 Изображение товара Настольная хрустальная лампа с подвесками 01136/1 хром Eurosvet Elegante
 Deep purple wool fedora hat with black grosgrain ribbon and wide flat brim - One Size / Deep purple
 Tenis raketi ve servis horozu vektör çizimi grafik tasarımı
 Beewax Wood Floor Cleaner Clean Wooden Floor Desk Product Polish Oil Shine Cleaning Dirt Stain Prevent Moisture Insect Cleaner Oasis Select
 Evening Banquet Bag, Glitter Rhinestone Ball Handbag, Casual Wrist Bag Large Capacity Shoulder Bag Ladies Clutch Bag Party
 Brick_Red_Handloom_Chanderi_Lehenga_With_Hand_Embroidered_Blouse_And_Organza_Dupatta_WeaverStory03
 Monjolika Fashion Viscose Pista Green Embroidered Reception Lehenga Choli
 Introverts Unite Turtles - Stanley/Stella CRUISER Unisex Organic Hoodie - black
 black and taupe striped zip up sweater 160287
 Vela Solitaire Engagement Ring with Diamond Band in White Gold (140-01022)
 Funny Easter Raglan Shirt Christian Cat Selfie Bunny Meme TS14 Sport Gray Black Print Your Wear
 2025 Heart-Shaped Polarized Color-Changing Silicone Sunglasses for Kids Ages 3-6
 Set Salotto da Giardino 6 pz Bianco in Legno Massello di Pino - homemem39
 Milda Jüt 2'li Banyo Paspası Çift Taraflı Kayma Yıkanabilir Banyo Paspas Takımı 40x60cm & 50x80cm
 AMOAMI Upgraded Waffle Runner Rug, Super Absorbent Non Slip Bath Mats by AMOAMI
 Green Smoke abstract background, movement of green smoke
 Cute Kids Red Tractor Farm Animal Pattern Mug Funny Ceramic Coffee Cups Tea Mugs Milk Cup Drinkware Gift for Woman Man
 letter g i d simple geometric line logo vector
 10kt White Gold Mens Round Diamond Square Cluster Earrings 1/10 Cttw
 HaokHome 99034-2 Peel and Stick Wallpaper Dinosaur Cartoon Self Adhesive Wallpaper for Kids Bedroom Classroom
▬▬▬▬▬▬
Copy only the stretch running from the line containing "Milda Jüt 2'li" to the final line of the entries, both ends included, exactly as it stands.

 Milda Jüt 2'li Banyo Paspası Çift Taraflı Kayma Yıkanabilir Banyo Paspas Takımı 40x60cm & 50x80cm
 AMOAMI Upgraded Waffle Runner Rug, Super Absorbent Non Slip Bath Mats by AMOAMI
 Green Smoke abstract background, movement of green smoke
 Cute Kids Red Tractor Farm Animal Pattern Mug Funny Ceramic Coffee Cups Tea Mugs Milk Cup Drinkware Gift for Woman Man
 letter g i d simple geometric line logo vector
 10kt White Gold Mens Round Diamond Square Cluster Earrings 1/10 Cttw
 HaokHome 99034-2 Peel and Stick Wallpaper Dinosaur Cartoon Self Adhesive Wallpaper for Kids Bedroom Classroom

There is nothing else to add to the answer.